Other health-related characteristics were obtained from the questionnaire preceding the transition to retirement: smoking (no/yes), self-reported doctor-diagnosed chronic diseases (angina pectoris, myocardial infarction, cerebrovascular disease, claudication, osteoarthritis, osteoporosis, sciatica, fibromyalgia, rheumatoid arthritis, and diabetes) (no/yes, one or more), mobility limitations as difficulties in walking 2.0 kilometers (no/yes) [38, 39], sleep duration (hours per night) [40], sitting time (sum of daily hours spent sitting at work, watching television, using computer at home, sitting in a vehicle and other sitting) [31] and non-occupational physical activity as metabolic equivalents (MET) hours per week [4].
Statistical analyses
Descriptive information on participant characteristics is presented using means and standard deviations for continuous variables and frequencies and percentages for categorical variables. To examine selection to the current study, the pre-retirement participant characteristics were compared between the current study population (n = 213) and survey-only study population (n = 3698) using Chi squared test for categorical variables and ANOVA for continuous variables.

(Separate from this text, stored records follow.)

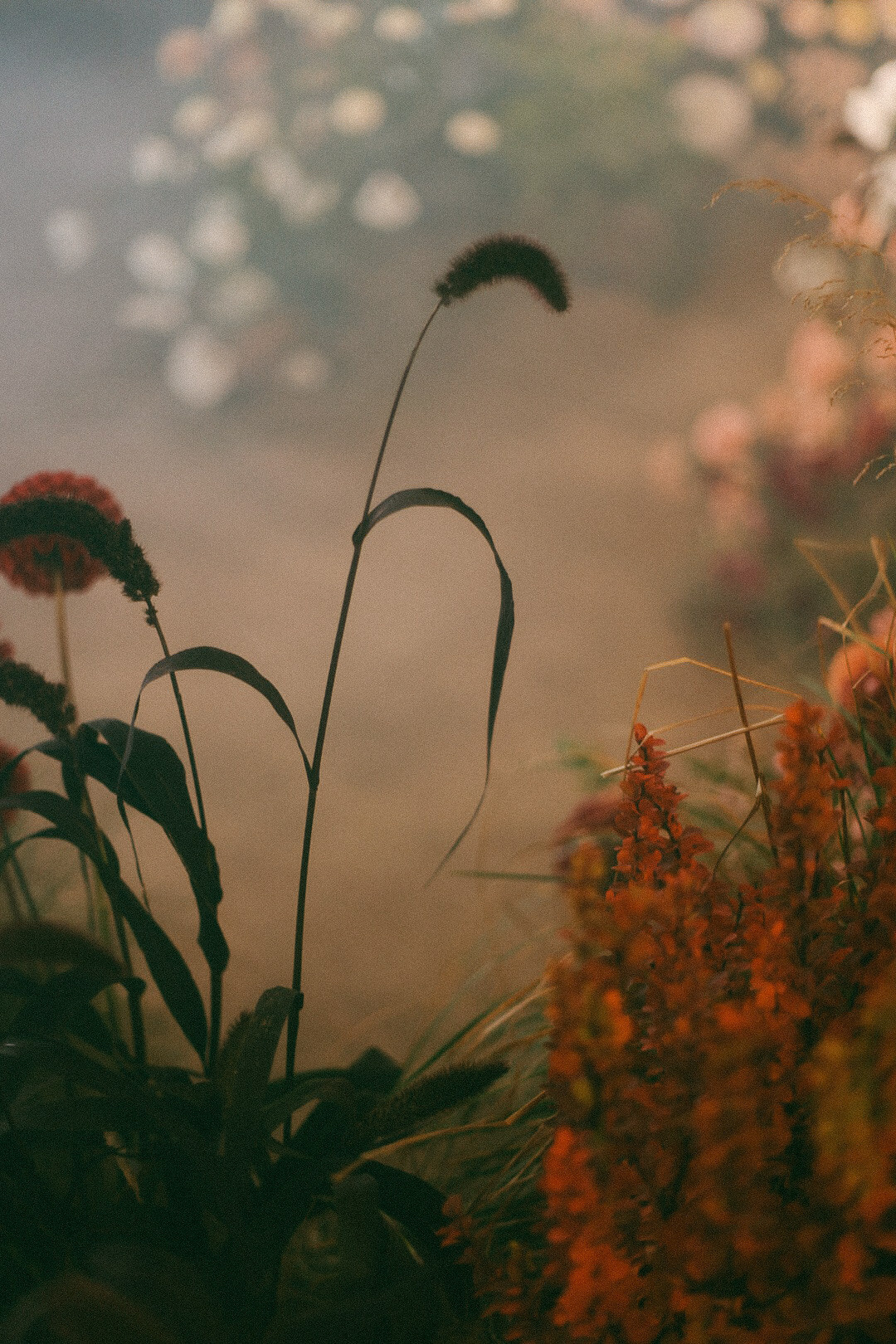 22. Фотограф Нижний Новгород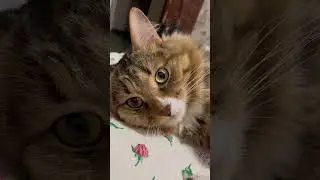 Накосячил и в кусты 😬🤭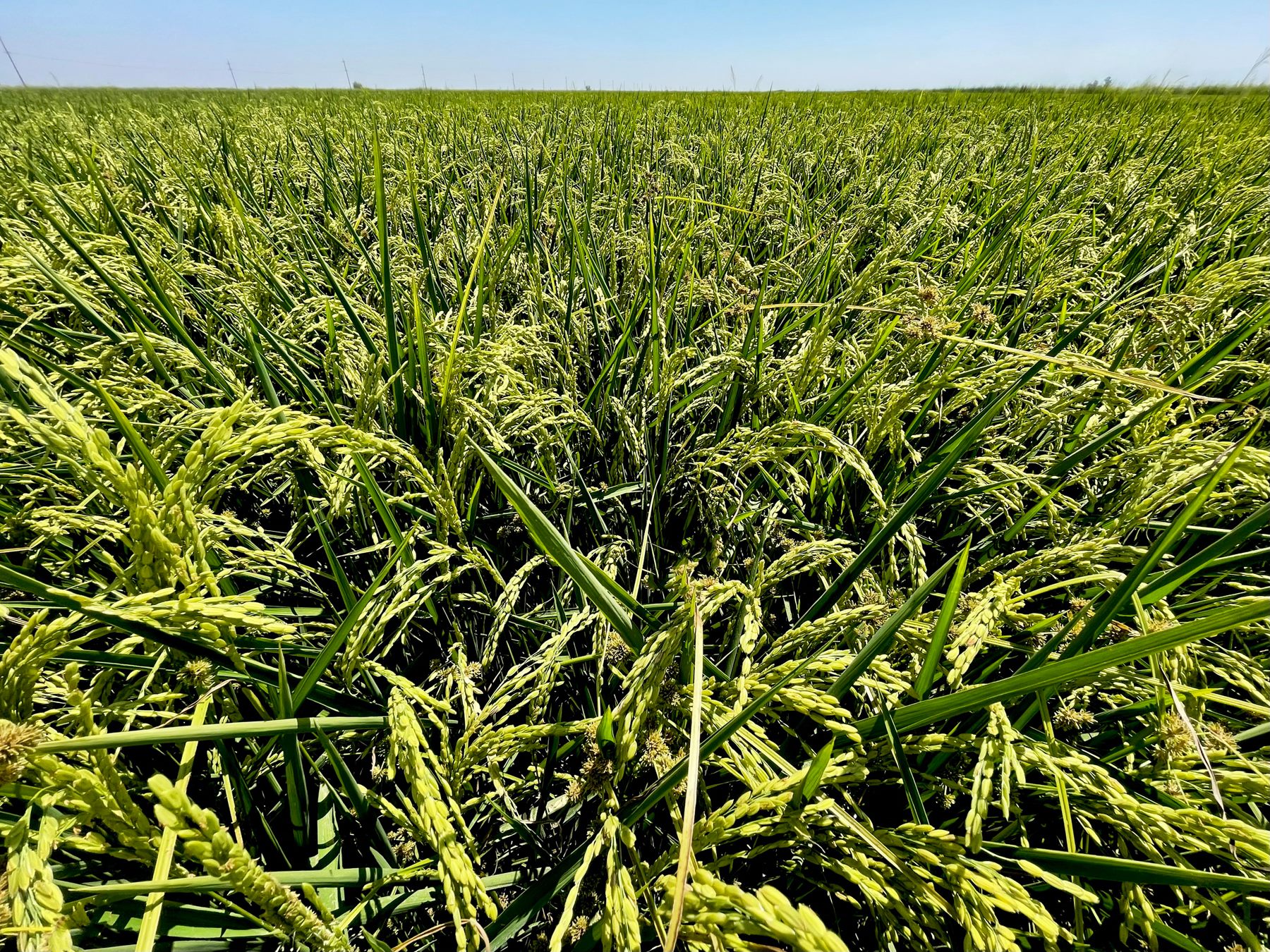 California - Heads of rice forming in a Maxwell rice field. This ...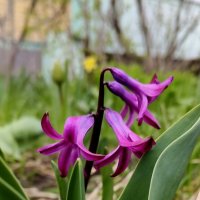 Не помёрзли... :: Александр Кондаков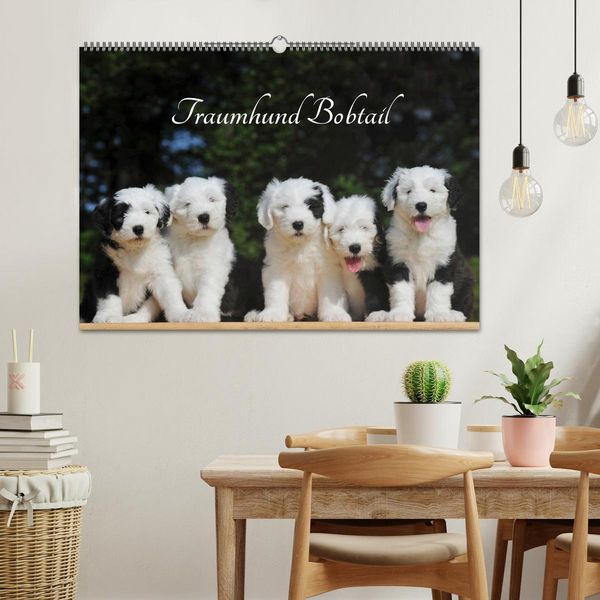 Produktbild: Traumhund Bobtail (Wandkalender 2026 DIN A2 quer), CALVENDO Monatskalender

In the statistical analysis the proportion of time spent in each behavior was treated as compositional data. The analyses were conducted in the statistical software RStudio (version 4.0.5). The data set did not include zero values for 24-h movement behaviors, thus no imputation was needed.

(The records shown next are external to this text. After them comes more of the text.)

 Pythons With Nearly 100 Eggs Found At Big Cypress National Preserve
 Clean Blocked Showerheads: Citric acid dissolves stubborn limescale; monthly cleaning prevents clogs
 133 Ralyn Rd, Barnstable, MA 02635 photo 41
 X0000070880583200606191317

Compositional data analysis
The compositional means were calculated to describe the average 24-h movement behaviors. To illustrate the heterogeneity in changes in 24-h movement behavior composition and changes BMI and waist circumference over one year, the compositional differences between pre- and post- retirement compositions were calculated for each participant [28, 41]. The compositional differences were shown by BMI and waist circumference change groups: (1) no change (<0.5 kg/m2 change in BMI and <3.0 cm change in waist circumference), (2) decrease (≥0.5 kg/m2 decrease in BMI or ≥3.0 cm decrease in waist circumference), (3) increase (≥0.5 kg/m2 increase in BMI or ≥3.0 cm increase in waist circumference). These cutpoints were chosen based on the distribution of the data (lower and upper quartiles) and effect sizes reported in a previous meta-analysis [42] and randomized controlled trials evaluating effects of one-year exercise programs [43–45]. The resulting composition of the compositional differences by BMI and waist circumference change groups was visualized as ternary plots.

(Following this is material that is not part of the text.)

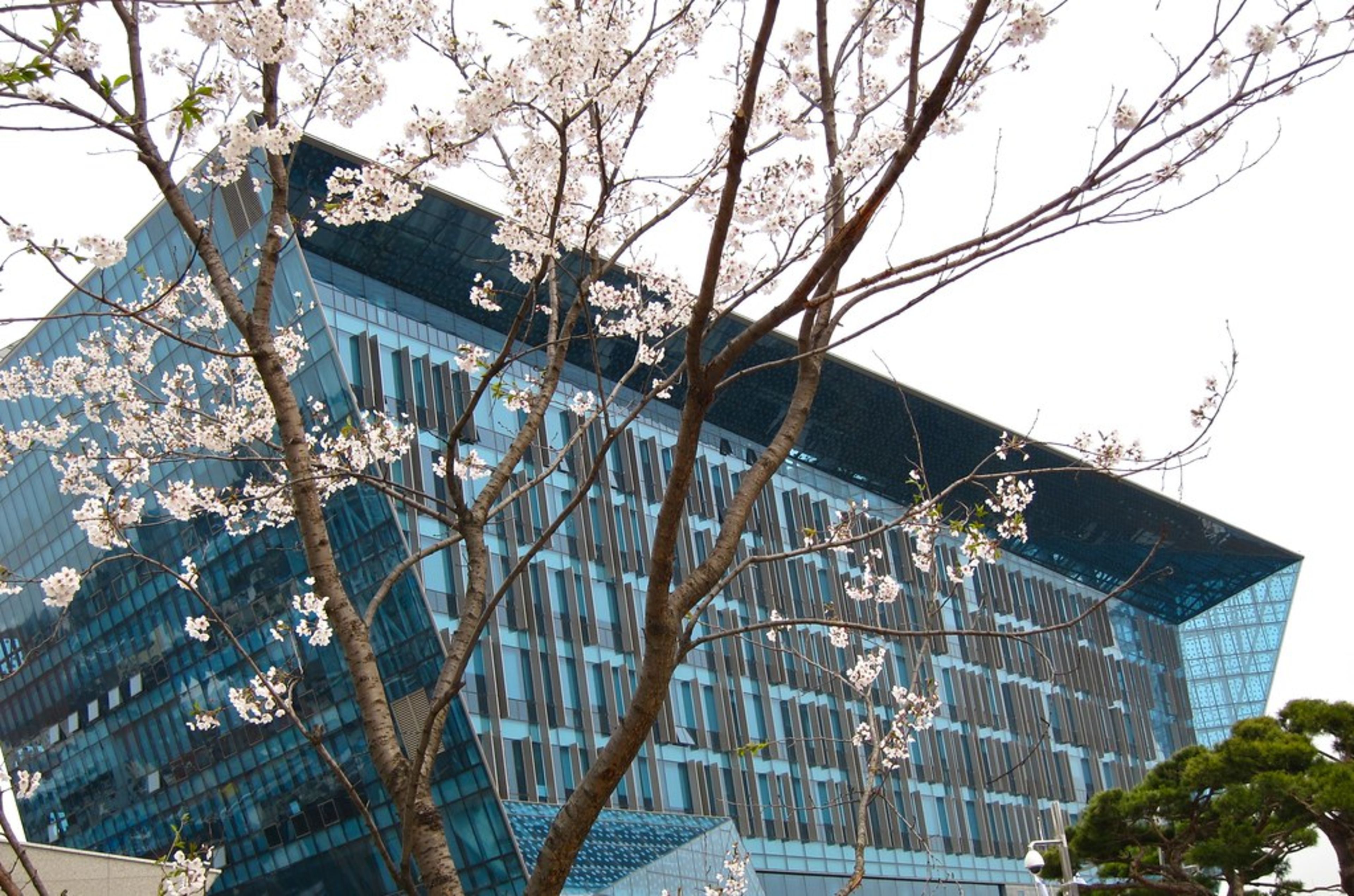 Itaewon District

An isometric logratio (ilr) transformation was used to map the compositional data into real-valued coordinates [46]. We used pivot coordinates, a specific type of ilr coordinates. The first coordinate in a set of pivot coordinates can be used to compare the proportion of one part of the composition (for instance sleep) relative to the remaining parts of the composition (that is, SED, LPA and MVPA). We created four sets of pivot coordinates to enable each behavior to be considered relative to the remaining behaviors.
We used linear regression model to examine associations between changes in 24-h movement behaviors and changes in BMI and waist circumference during the transition to retirement. The model included change in obesity indicator as the outcome variable, and changes in 24-h movement behaviors (expressed as ilrs) as the explanatory variables. Covariates included before retirement 24-h movement behavior composition (expressed as ilrs) and BMI/waist circumference, as well as age, sex and occupational status. The model was separately fitted for each set of pivot coordinates. The associations were presented as beta coefficients and their 95% confidence intervals (CI).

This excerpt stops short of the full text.